A new batch of Boeing internal documents related to the 737 Max jetliner paint “a very disturbing picture” regarding employees’ concerns about safety, a House committee reported Tuesday.
The latest documents were sent over late Monday, the same day Boeing said CEO Dennis Muilenburg resigned effective immediately after a string of troubling disclosures about the development of the latest version of the 737 jetliner grounded worldwide after two crashes.
Both the Federal Aviation Administration and the House Transportation and Infrastructure Committee, which has held a series of hearings about the 737 Max, acknowledged receiving the Boeing documents. They did not disclose the contents, saying they are under review.
But the Seattle Times reported the documents include more internal communications involving former Boeing 737 chief test pilot Mark Forkner, who, in records previously disclosed, described problems in the development of the flight-control system blamed in the two crashes. His 2016 missive to a colleague also talked of “basically” but unknowingly, lying to regulators.
A statement from the committee said the documents raise new, serious questions about the 737 Max.
“Staff are continuing to review these records, but similar to other records previously disclosed by Boeing, the records appear to point to a very disturbing picture of both concerns expressed by Boeing employees about the company’s commitment to safety and efforts by some employees to ensure Boeing’s production plans were not diverted by regulators or others,” it said.
Boeing, in response, acknowledged the latest documents could prove damaging.
The company said “as with prior documents referenced by the committee, the tone and content of some of these communications does not reflect the company we are and need to be.” But it said it released them in keeping with a policy of transparency.
Boeing didn’t offer an explanation as to why the documents were not previously disclosed.
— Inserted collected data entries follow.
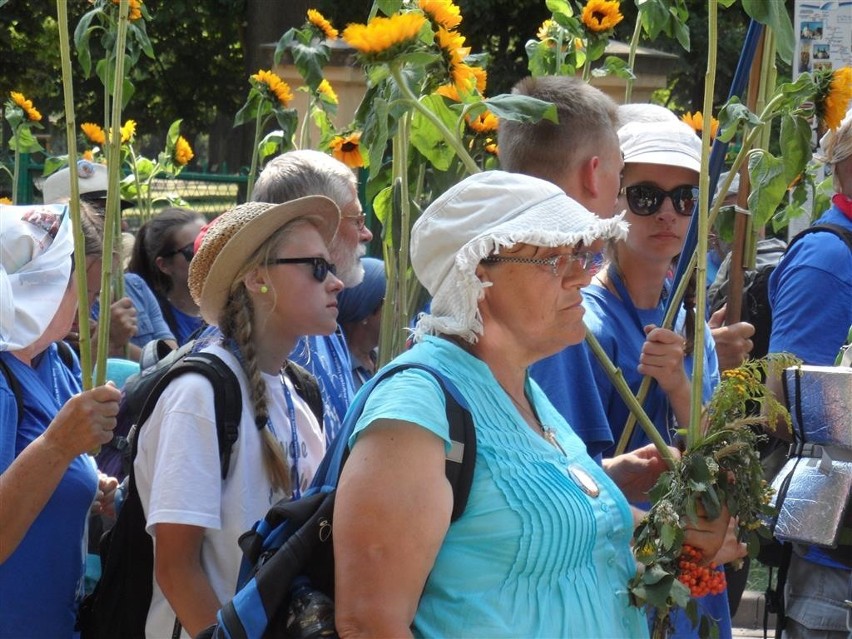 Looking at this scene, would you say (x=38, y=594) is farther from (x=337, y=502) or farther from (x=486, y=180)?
(x=486, y=180)

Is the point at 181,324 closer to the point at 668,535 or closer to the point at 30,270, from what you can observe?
the point at 30,270

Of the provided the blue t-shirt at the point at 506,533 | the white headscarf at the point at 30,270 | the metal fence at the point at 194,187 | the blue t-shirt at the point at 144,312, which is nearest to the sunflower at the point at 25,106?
the blue t-shirt at the point at 144,312

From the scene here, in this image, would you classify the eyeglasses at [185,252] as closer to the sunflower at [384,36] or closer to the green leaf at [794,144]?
the sunflower at [384,36]

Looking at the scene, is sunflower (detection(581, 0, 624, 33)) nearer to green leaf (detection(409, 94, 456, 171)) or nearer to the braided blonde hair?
green leaf (detection(409, 94, 456, 171))

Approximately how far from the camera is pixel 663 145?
Result: 3.08 meters

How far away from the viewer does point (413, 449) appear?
1932 mm

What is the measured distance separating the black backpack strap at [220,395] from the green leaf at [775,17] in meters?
1.31

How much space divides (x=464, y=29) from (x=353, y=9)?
144cm

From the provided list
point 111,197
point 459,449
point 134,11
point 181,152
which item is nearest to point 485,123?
point 134,11

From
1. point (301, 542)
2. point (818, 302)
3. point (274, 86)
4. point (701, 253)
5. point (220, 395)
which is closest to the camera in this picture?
point (301, 542)

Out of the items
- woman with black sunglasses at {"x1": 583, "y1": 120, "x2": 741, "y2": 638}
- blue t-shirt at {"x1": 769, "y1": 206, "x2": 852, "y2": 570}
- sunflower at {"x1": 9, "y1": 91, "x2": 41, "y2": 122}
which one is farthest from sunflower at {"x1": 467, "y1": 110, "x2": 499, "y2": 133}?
sunflower at {"x1": 9, "y1": 91, "x2": 41, "y2": 122}

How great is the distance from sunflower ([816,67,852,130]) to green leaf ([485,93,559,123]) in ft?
1.80

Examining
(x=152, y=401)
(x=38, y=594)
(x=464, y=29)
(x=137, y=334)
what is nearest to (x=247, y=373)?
(x=152, y=401)

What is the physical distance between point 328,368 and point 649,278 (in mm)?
1003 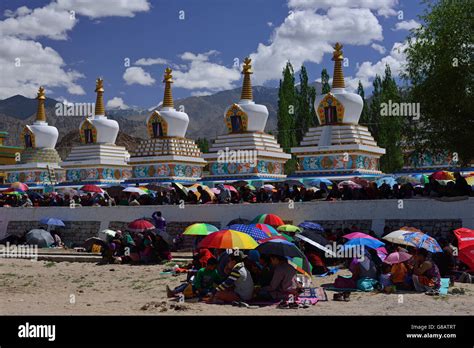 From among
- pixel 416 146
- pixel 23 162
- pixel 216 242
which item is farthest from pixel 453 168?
pixel 23 162

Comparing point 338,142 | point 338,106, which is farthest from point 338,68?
point 338,142

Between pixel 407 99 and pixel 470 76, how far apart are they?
261 centimetres

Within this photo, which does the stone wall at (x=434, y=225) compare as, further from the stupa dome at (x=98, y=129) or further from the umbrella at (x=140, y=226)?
the stupa dome at (x=98, y=129)

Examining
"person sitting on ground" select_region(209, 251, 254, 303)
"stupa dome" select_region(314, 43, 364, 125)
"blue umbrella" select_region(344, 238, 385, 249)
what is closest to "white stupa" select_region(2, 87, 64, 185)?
"stupa dome" select_region(314, 43, 364, 125)

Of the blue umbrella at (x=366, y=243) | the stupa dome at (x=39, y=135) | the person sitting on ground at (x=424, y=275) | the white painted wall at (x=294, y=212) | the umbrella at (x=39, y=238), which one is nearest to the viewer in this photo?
the person sitting on ground at (x=424, y=275)

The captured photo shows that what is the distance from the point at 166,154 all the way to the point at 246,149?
17.9 feet

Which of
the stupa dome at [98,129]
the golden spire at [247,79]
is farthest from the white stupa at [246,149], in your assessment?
the stupa dome at [98,129]

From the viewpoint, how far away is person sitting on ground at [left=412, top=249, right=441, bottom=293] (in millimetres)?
14352

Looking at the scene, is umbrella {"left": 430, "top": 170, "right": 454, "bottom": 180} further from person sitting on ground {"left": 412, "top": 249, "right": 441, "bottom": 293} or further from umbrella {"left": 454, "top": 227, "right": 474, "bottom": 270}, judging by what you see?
person sitting on ground {"left": 412, "top": 249, "right": 441, "bottom": 293}

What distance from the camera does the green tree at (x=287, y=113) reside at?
5291cm

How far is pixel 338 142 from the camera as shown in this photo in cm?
3806

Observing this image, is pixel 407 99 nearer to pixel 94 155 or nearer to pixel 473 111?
pixel 473 111

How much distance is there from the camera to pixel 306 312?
12633 mm

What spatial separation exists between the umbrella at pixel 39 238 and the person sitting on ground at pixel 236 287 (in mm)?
15360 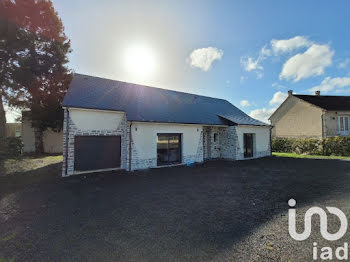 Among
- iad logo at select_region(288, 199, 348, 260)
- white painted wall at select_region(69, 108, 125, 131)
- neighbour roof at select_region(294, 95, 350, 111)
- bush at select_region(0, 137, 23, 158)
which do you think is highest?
neighbour roof at select_region(294, 95, 350, 111)

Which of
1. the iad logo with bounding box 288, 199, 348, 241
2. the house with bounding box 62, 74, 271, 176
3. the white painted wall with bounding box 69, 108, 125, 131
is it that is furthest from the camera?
the house with bounding box 62, 74, 271, 176

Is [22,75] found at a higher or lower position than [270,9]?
lower

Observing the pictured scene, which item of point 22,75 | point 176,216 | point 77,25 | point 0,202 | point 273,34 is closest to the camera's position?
point 176,216

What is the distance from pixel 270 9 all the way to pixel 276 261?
1007 cm

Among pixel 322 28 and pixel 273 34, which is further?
pixel 273 34

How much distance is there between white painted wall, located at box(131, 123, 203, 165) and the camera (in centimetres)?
956

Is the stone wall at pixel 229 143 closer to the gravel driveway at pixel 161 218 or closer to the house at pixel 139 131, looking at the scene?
the house at pixel 139 131

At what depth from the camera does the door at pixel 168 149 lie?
10602mm

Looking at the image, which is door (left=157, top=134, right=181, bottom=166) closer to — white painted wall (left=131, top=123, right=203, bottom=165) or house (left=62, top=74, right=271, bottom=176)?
house (left=62, top=74, right=271, bottom=176)

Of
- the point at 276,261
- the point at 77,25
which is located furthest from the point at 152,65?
the point at 276,261

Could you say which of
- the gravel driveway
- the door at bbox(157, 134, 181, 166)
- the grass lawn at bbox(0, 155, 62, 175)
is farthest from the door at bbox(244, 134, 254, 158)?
the grass lawn at bbox(0, 155, 62, 175)

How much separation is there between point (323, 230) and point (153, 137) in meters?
8.15

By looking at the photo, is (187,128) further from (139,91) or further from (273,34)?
(273,34)

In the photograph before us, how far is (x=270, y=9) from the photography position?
8.03 metres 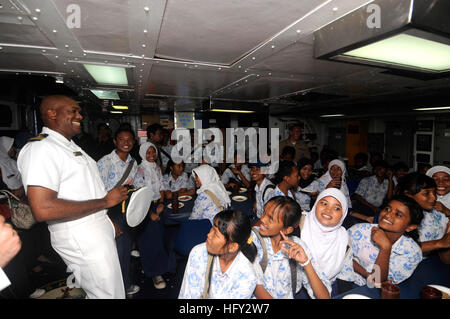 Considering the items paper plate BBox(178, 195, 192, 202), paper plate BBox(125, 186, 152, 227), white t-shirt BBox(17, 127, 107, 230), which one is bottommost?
paper plate BBox(178, 195, 192, 202)

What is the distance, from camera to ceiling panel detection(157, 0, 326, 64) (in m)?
1.20

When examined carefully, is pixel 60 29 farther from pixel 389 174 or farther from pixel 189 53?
pixel 389 174

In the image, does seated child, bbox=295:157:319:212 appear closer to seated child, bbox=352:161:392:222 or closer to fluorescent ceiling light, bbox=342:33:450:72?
seated child, bbox=352:161:392:222

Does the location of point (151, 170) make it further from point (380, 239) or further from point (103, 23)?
point (380, 239)

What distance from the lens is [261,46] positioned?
1.80m

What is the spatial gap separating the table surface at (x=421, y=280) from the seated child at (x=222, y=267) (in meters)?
0.67

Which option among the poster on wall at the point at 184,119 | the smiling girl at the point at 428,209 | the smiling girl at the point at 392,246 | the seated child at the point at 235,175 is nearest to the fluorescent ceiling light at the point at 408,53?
the smiling girl at the point at 392,246

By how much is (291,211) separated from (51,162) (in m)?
1.96

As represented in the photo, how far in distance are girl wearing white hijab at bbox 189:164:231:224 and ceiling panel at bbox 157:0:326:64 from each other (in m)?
1.76

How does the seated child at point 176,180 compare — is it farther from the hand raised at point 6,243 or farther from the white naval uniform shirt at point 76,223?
the hand raised at point 6,243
The 737 Max was grounded shortly after the March crash of an Ethiopian Airlines flight. In October 2018, a Lion Air 737 Max crashed into the Java Sea. Combined, the accidents killed a total of 346 passengers and crew.
In both cases, blame has focused on a new computerized system called the Maneuvering Characteristics Augmentation System or MCAS. The system was added to make the 737 Max fly like previous versions of the venerable jetliner despite having larger engines repositioned on the wings.
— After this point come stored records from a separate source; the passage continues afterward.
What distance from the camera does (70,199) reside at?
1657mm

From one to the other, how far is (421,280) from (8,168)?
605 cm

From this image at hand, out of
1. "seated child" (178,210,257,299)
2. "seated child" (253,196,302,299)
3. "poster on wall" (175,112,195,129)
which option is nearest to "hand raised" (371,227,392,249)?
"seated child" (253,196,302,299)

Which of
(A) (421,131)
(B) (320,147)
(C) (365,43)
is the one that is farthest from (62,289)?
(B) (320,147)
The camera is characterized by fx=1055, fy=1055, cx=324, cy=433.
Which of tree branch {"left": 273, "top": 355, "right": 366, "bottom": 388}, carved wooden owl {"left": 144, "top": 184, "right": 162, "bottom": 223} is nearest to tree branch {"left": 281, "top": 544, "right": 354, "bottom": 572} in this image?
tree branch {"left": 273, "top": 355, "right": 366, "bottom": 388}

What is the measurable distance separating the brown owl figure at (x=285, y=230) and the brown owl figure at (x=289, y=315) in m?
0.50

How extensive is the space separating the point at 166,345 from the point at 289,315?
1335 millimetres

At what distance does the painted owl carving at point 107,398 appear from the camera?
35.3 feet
MCAS repeatedly pushed down the nose of the planes as pilots struggled to keep them up, eventually causing the aircraft to plummet earthward.
Boeing has been rewriting software to give pilots more direct control over MCAS, but the changes are yet to be approved by the FAA. Airlines have repeatedly pushed back the plane’s projected return to service. United Airlines now has taken 737 Max off its schedule until early June.